Sin embargo, las cosas están cambiando en el país que acogerá las próximas Olimpiadas. Este mismo mes se celebrará un referéndum para decidir si se pasa de la monarquía parlamentaria a la república. A medida que se va desprendiendo de la influencia británica, en especial tras la incorporación del Reino Unido a la Comunidad Económica Europea, va profundizando en su relación con la región asiática y Estados Unidos, del que se considera socio privilegiado. Esta decisión tiene consecuencias en todos los ámbitos.

En este sentido, Australia funciona como motor de progreso en la región del sudeste asiático.
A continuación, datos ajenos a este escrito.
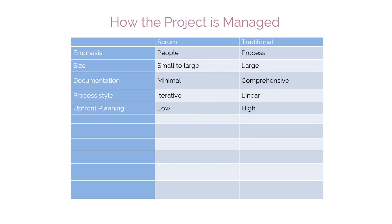Scrum encourages iterative decision-making based on data over the detailed upfront planning practiced in traditional waterfall-style project management. The focus is not on meeting the project's plan targets, but on satisfying customer requirements. Traditional project management can lead to a situation where the plan has succeeded, but the customer is not satisfied.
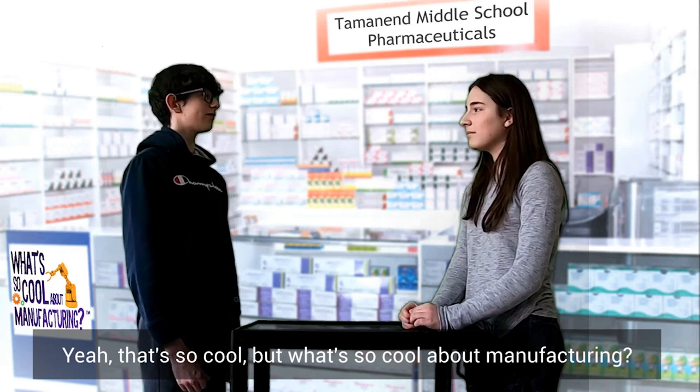That's all cool, but what's so cool about manufacturing? The cool thing about manufacturing at Lampire Biologicals is every day that we come to work, we're helping human and animal lives around the world. Making products for everyday lives that really can help and benefit people.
Su economía, después de la recesión de principios de los noventa, ha disfrutado de casi una década de crecimiento continuo, cuyo punto álgido se produjo en el período de 1994-1995. En los años siguientes se ha apreciado cierta desaceleración de la tasa de crecimiento del PIB aunque se ha mantenido alta, en torno al 4% anual, gracias principalmente a la demanda interna y al dinamismo de las inversiones empresariales.

Esta bonanza económica ha permitido sobrellevar el impacto negativo de la crisis asiática de 1997 bastante bien, incluso teniendo en cuenta que para Australia se trata de una de las regiones más importantes en términos de comercio e inversión.

>> Importancia de los sectores de actividad en la economía australiana 1997-98

Sectores de actividad Ocupación entre la población activa Contribución al PIB
Agricultura, ganadería, minería y pesca 5,6% 8,1%
Manufacturas y construcción 19,4% 19,9%
Servicios 75% 72%

 

Si se tienen en cuenta varios aspectos del mercado australiano como:

  • su crecimiento económico y estabilidad,
  • su alto poder adquisitivo y creciente apertura,
  • la disponibilidad de materias primas de todo tipo,
  • la voluntad de desarrollar el sector industrial y hacerlo más competitivo en el entorno internacional,
  • la facilidad de las comunicaciones,

se estará de acuerdo en que es un mercado digno de estudiarse como opción en la expansión de muchas empresas españolas.